The bottle I opened was my last from a visit I made in 1975. (Relics like this are a bonus of a settled life and of having the same cellar for 40 years.) My tasting notes justify, I hope, detaining you with a wine you are unlikely ever to taste: "Colares, Real Vinicola 1973. Completely perished cork, not even tight in the neck. Color dark brown, scarcely red even in the center. Nose: amazing; Madeira and incense. It must be totally oxidized, but so gradually the tannins could handle it.
Like truly ancient claret, clean and lithe, but denser, as in a very ripe vintage. As good as the best Médoc. Incredible; I wish Broadbent were here. The endless finish is still cooling and enriching my palate ten minutes later. It moves my spirit to drink such a survivor."
How many vineyards are there in Europe, planted in remote ages, their strains of vines selected and refined over centuries, their style of wine sanctified by time, their survival through phylloxera a matter of sheer luck, their futures now sunk to a struggle for existence?
Colares is one, but think of Italy and how many remnants of vineyards it contains where the germ of a distinct identity is still alive. This is where I instinctively look for authenticity-but then I have the instincts of a historian.

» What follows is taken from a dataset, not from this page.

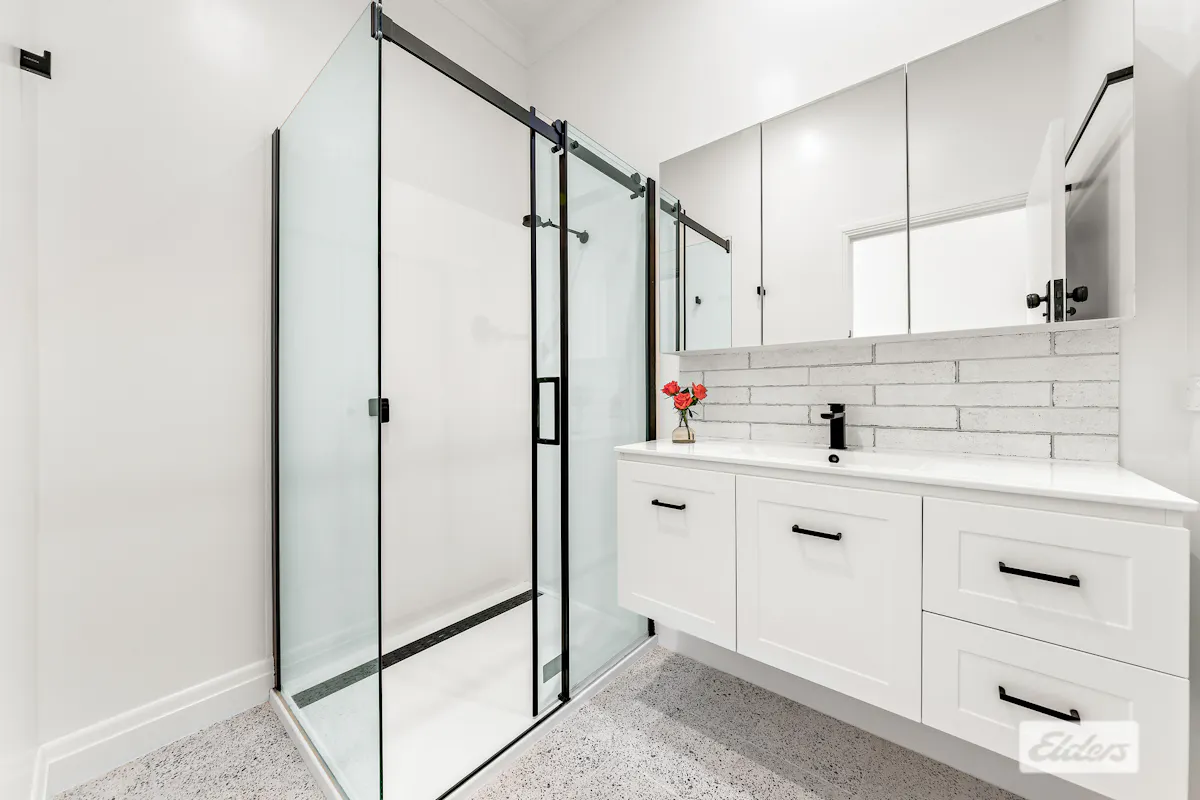 8 Edward Street — photo 7 of 13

When I visit a town for the first time, I look for its remaining old buildings to learn what it is "really" like. You can argue equally well that the only true authenticity lies in the present and the future. History is only what we happen to know, or have been able to find out, about affairs that were probably very different from our perception of them. Am I just a sucker for the patina of age?
Sense of a new place
So, have any new wines given me a jump? Yes, Brian Croser's Pinot Noir from near Adelaide, for one. I served it blind-Tapanappa 2009 Foggy Hill Pinot Noir from the Fleurieu Peninsula-to a roomful of professional wine buyers at a lunch. They went into a huddle and pronounced it an excellent Gevrey- Chambertin, probably a premier cru. Does this mean it lacks a sense of place? Far from it: only that they don't know the place-a new one for Pinot Noir, or indeed any vines.

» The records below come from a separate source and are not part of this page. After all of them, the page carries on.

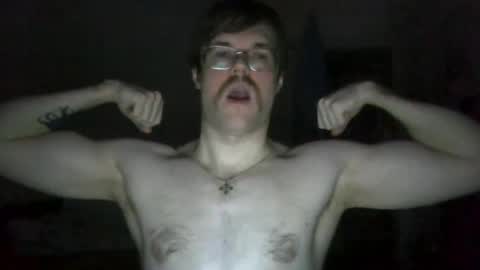 braveleowell online show from 02/09/25, 04:29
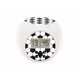thumbnail image 1 of Reloj despertador LEXiBOOK RL977FOLXB con proyector de fútbol, 1 of 7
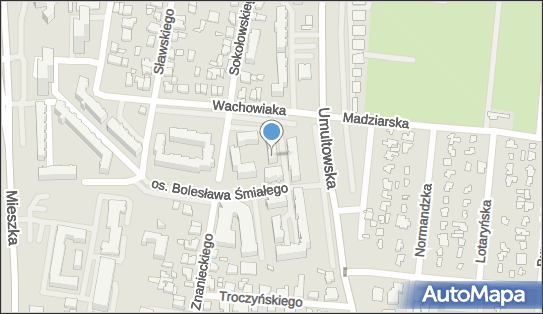 9721126842, ITBox Marcin Schmidt 
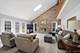 832 Wexford, Naperville, IL 60540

It perfectly expresses (and I'm happy to trust Brian Croser about this; no one cares more than he does about terroir and authenticity) the ironstone slope on the cool, often foggy coast opposite Kangaroo Island, facing west across the Great Australia Bight. A hundred years from now, it may be as established and recognizable as Colares, though I hope it will be considerably more successful.